Employers have discretion in choosing what to pay their workers. However, denying pay, misclassification and other deceptive practices can negatively impact morale and productivity. Even worse, in serious cases, non-compliant employers may face legal repercussions.
If underpaid workers have adequately researched fair wage rates and discovered discrepancies in pay, they have the right to notify their employer. In some situations, dissatisfied workers may consider asking for a raise.
Prior to hiring new workers, employers should establish clear expectations for each role. Before asking for a raise, U.S. News suggests that employees consider the value they bring to the company. They should look for ways to highlight their accomplishments and the ways their success has helped the organization achieve its objectives. They should discuss how their skillset facilitates other functions within the company’s operation and increases efficiency and productivity.
Workers that effectively show the value they provide the company with may have a higher chance of a favorable outcome.
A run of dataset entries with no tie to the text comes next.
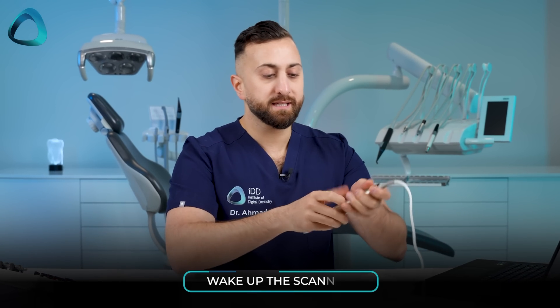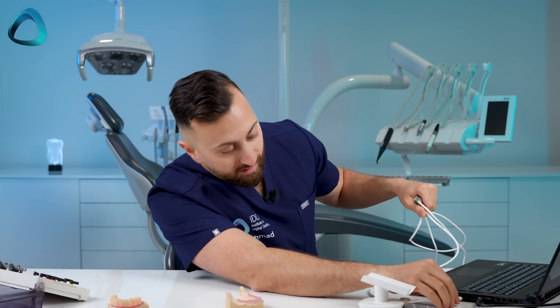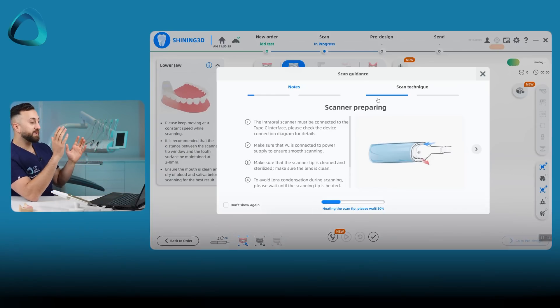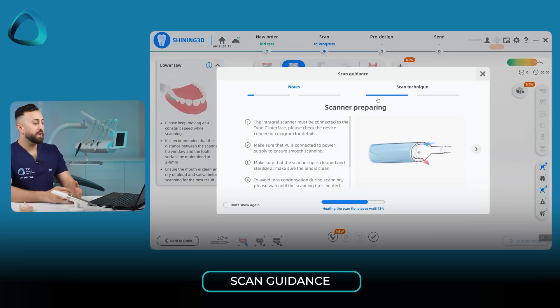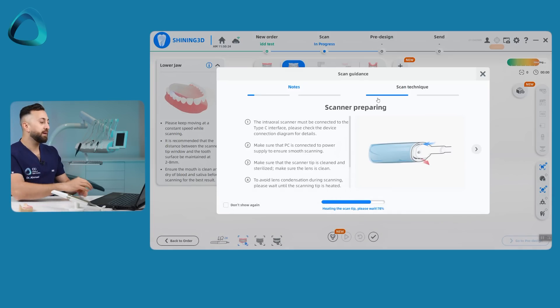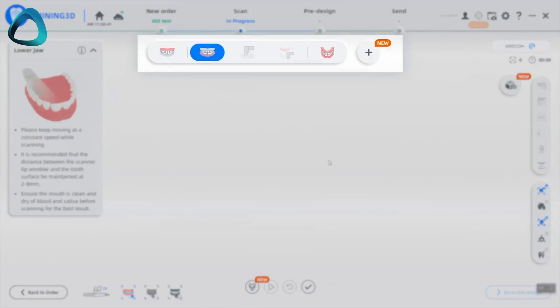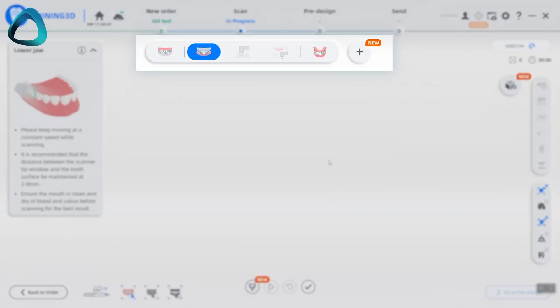Now it says to wake up the scanner. I'm going to grab the scanner — it is a simple USB-C connection. What you will notice is instantly the scanner wakes up with a green light, and then we can click scan. Now it says scan guidance; the software shows you a bunch of little tips on how to get the scanner going and how to scan properly. We're going to close these tips off, and what you see is a really interesting thing at the top — because this is a brand new software workflow for full arch intraoral photogrammetry.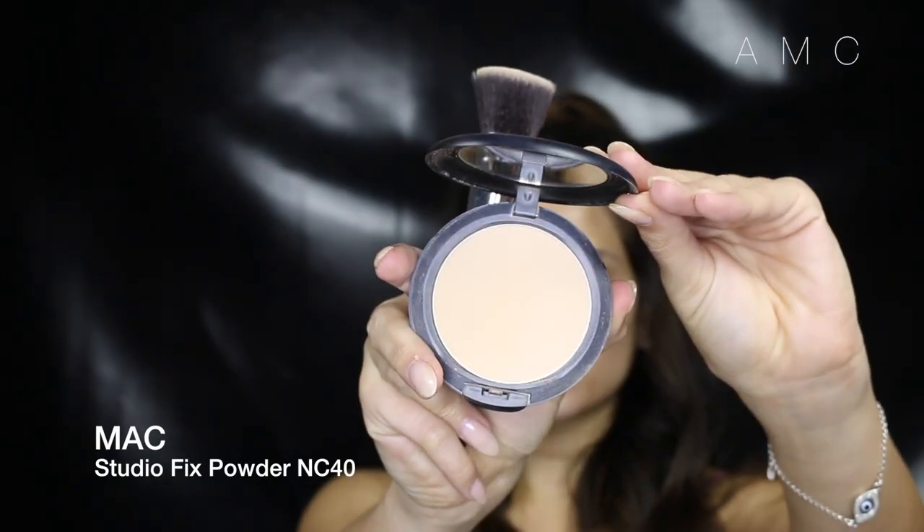To even further fight sweat and oil, I use powder for my highlight, contour, and foundation. I know you're probably thinking it's going to look caked on, but keep watching and I'll show you how to get this look just like skin. I highlight the usual areas: under the eyes, the middle of my nose, forehead, and chin.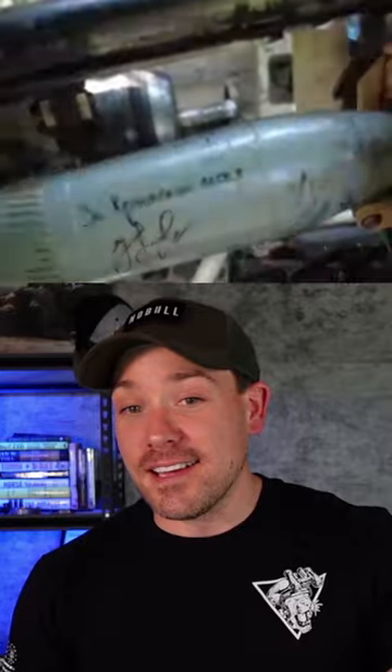All right, this is the 2S9 Nona. It's a unique Russian system — we don't have anything like this in the United States. I know somebody's going to look at that and want to say light tank, but just be wary that all of the tank aficionados out there are going to get angry and explain why this 100% absolutely is not a light tank.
If their employer does not take any action, underpaid workers may also consider sharing their research of comparable pay for similar positions and highlight discrepancies in their pay that way.
Timing plays a big role in whether or not workers may receive approval for a raise. According to Indeed.com, some considerations for employees to take may include the following:
- The time of year
- The current workload
- Their manager’s schedule
- The financial health of the company
People may also benefit from asking for a raise soon after a notable accomplishment. The completion of a successful project, the retention of a major customer or a big sale may all provide a good reason to suggest a raise.
Underpaid workers face a series of challenges that may impact their desire and willingness to work. Employers should proactively review each worker’s compensation periodically to verify the continuity of fair payment.